* Data below *
Segment Open
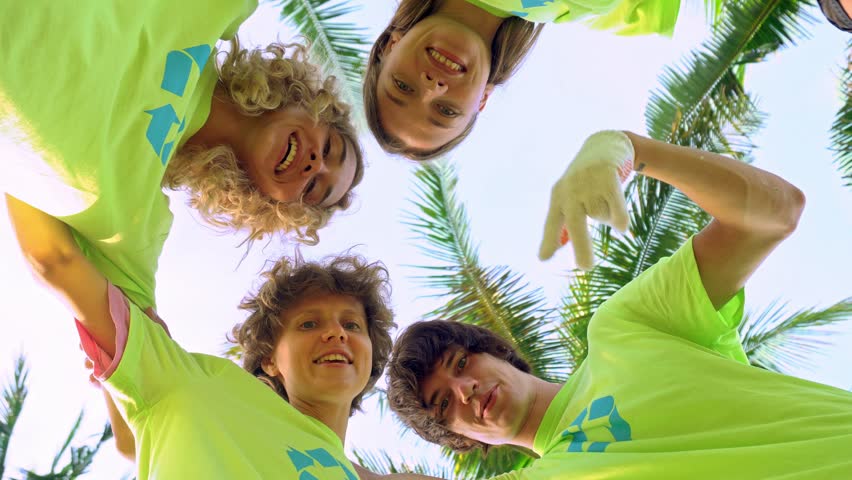Four young volunteers in green t-shirts with a picture of recycle forming huddles under palm trees on the shore of an ocean beach, after cleaning the beach from plastic debris. Volunteering and Royalty-Free Stock Footage #1011578501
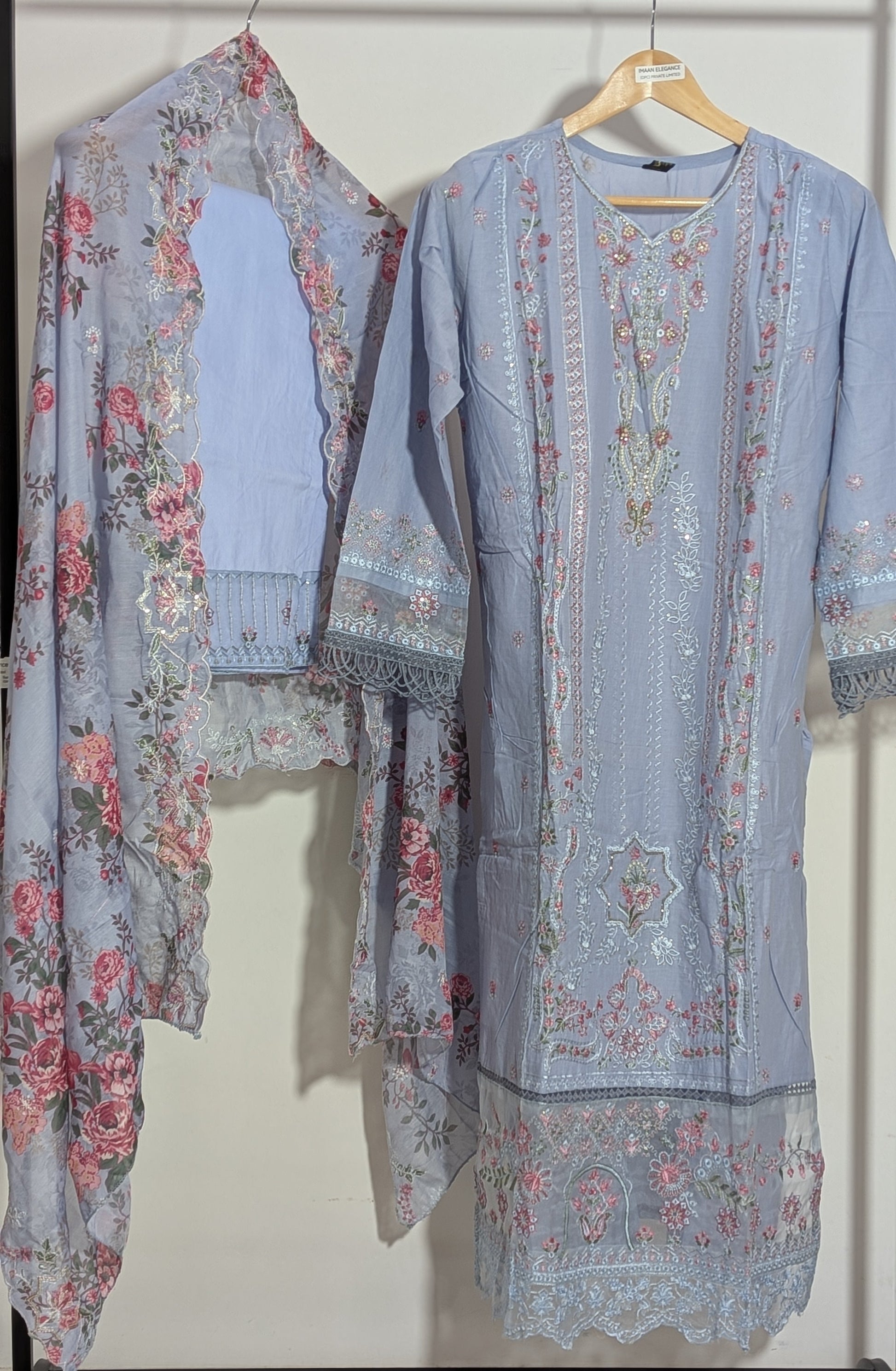 Two floral-patterned outfits hanging on a rack against a white background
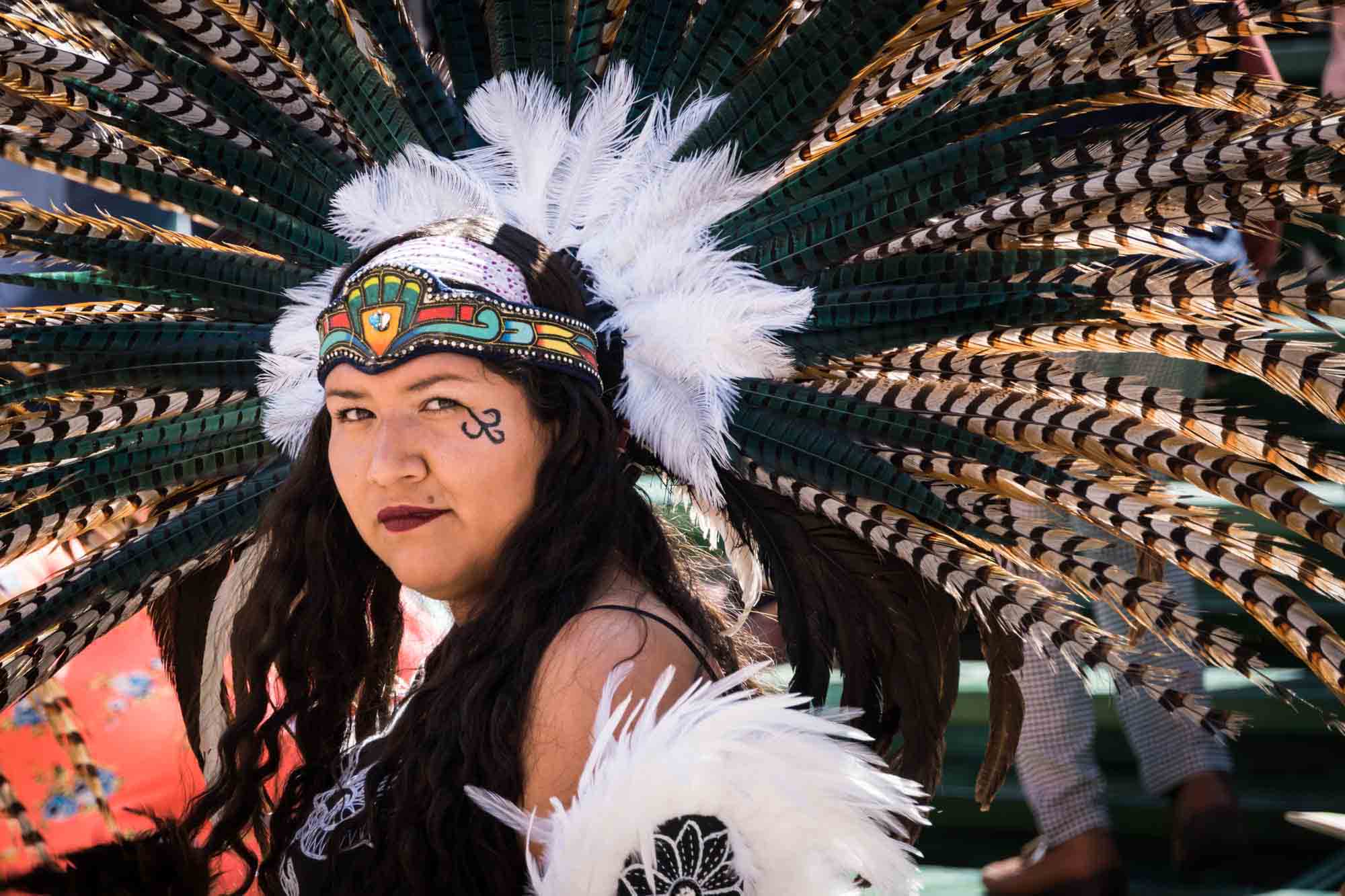 An indigenous wearing a brightly colored, feather costume dances in Guanajuato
Segment Closed
Restate every line of the listing exactly. Pictures are not part of the copy.

* Reply to the exercise *
Four young volunteers in green t-shirts with a picture of recycle forming huddles under palm trees on the shore of an ocean beach, after cleaning the beach from plastic debris. Volunteering and Royalty-Free Stock Footage #1011578501
 Two floral-patterned outfits hanging on a rack against a white background
 An indigenous wearing a brightly colored, feather costume dances in Guanajuato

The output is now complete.